A refined take on cacio e pepe that respects the Roman classic while adding subtle complexity. The pasta is rolled by hand and the guanciale is sourced from a specific Umbrian producer known for balance of fat and salt. Multiple reviews note the sauce coating each strand without being heavy.
Tips from diners
They execute this without fuss or gimmick. If you want to taste the difference good guanciale makes, this is where.
This dish exemplifies Retrobottega's philosophy: simple, high-quality ingredients prepared with precision. The burrata is sourced from Puglia and arrives creamy and fresh. Reviewers consistently note the balance of richness from the cheese with the brightness of cured fish and house-made citrus oil.
Tips from diners
Start with this if it's on the menu. It's a perfect introduction to how they approach ingredients.
When sea urchin is available, this becomes the must-order. Reviewers across multiple platforms highlight the quality of the uni—it's flown in from Sicily and used raw. The pasta is delicate enough not to overpower. The saffron beurre blanc adds richness without competing with the roe's briny sweetness.
Tips from diners
Call ahead to check if uni is available. When it is, don't skip it. The quality is excellent.
Retrobottega's version is less heavy than many Roman interpretations. The mascarpone is whipped to hold air, and the espresso has a bitter edge that prevents cloying sweetness. Reviewers note it arrives cold and airy rather than dense.
Tips from diners
If you finish dinner and see this on the table service, it's worth saving room for.
A seasonal main that shows Retrobottega's modern plating alongside classical technique. The duck is cooked pink and rested properly. Reviews note the beet reduction provides earthiness without heaviness. The bitter greens cut through the richness of the meat.
Tips from diners
Ask for it pink if you like duck slightly rare. They'll accommodate the preference.
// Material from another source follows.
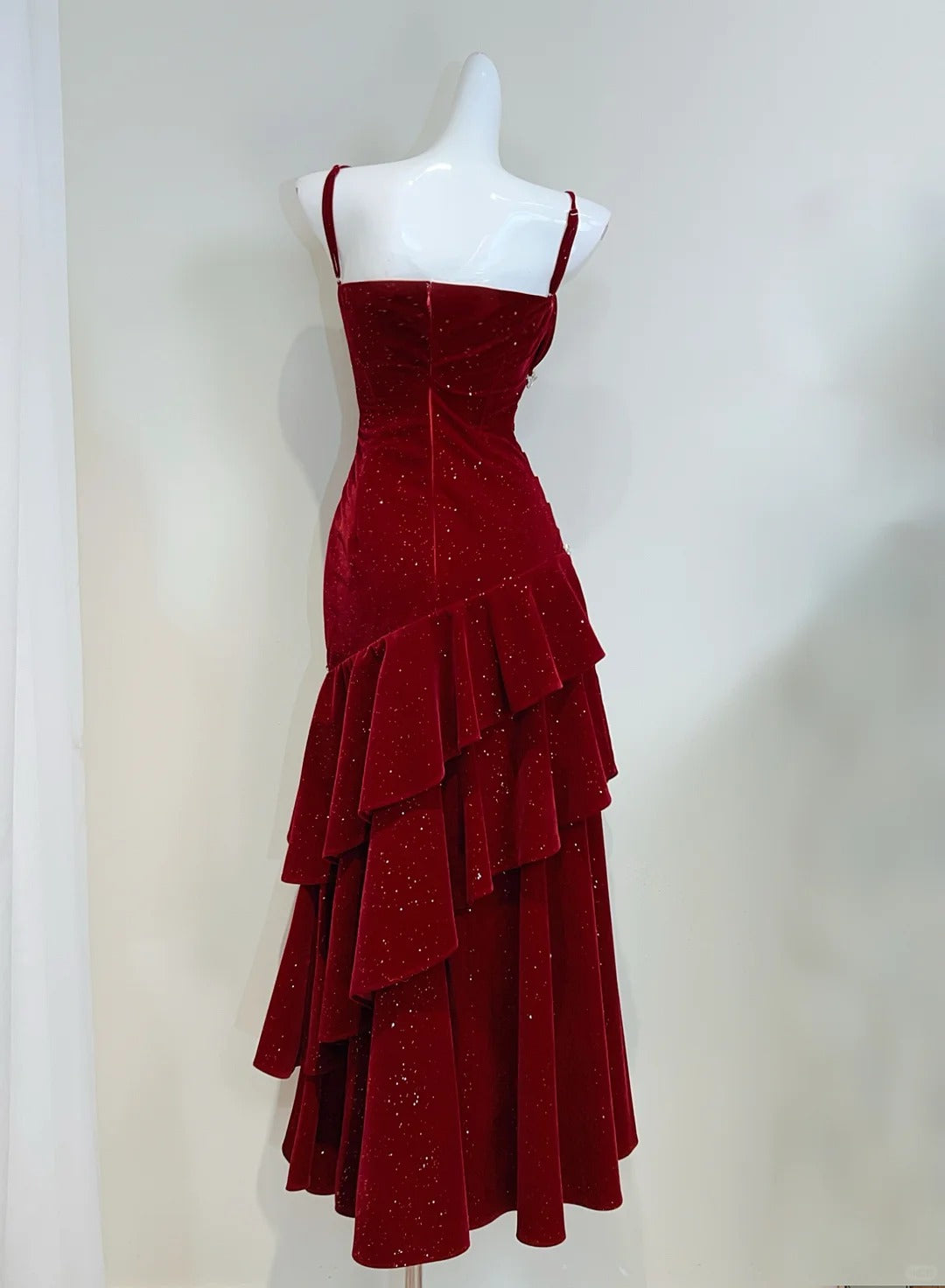 Vintage Burgundy Mermaid Spaghetti Strap Ruffle Velvet Prom Dress Evening Dress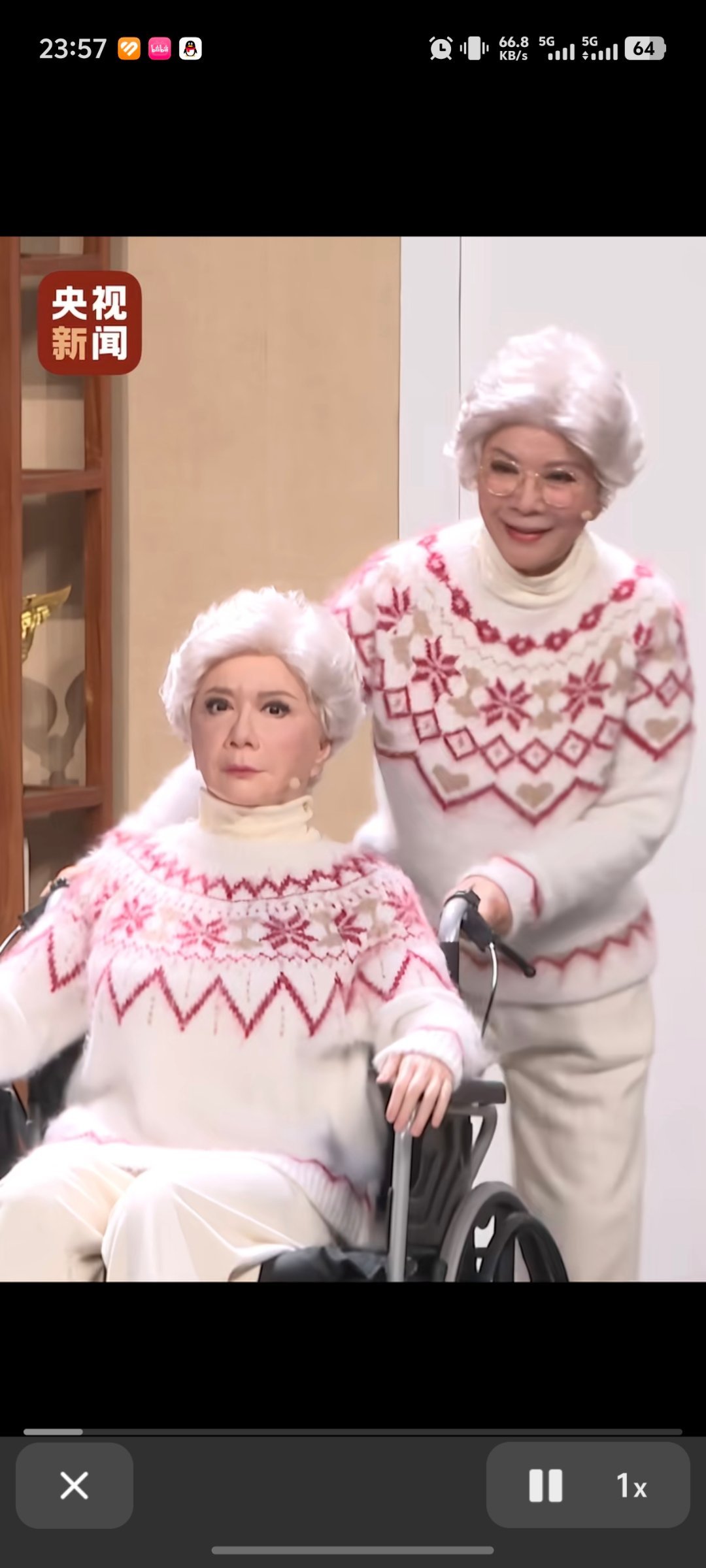 春晚今年的机器人看点更足了，30年前蔡老师模仿机器人，30年后蔡明老师推着机器人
Retrobottega opened on Via della Stelletta in 2016 and quickly became one of centro storico's most-booked tables — unusual for a neighborhood that typically serves tourists. The guanciale comes from a specific Umbrian producer and is named on the menu. The sea urchin is flown in from Sicily and used raw. The dining room seats fewer than 30.
Book at least 1 week ahead, especially for weekends. They accept phone reservations and their staff speaks English.
Dinner service moves quickly—you'll be done in 2-2.5 hours if you don't linger. This isn't a long, leisurely affair.
It's trendy but not pretentious. Music isn't loud. Conversations at other tables remain private.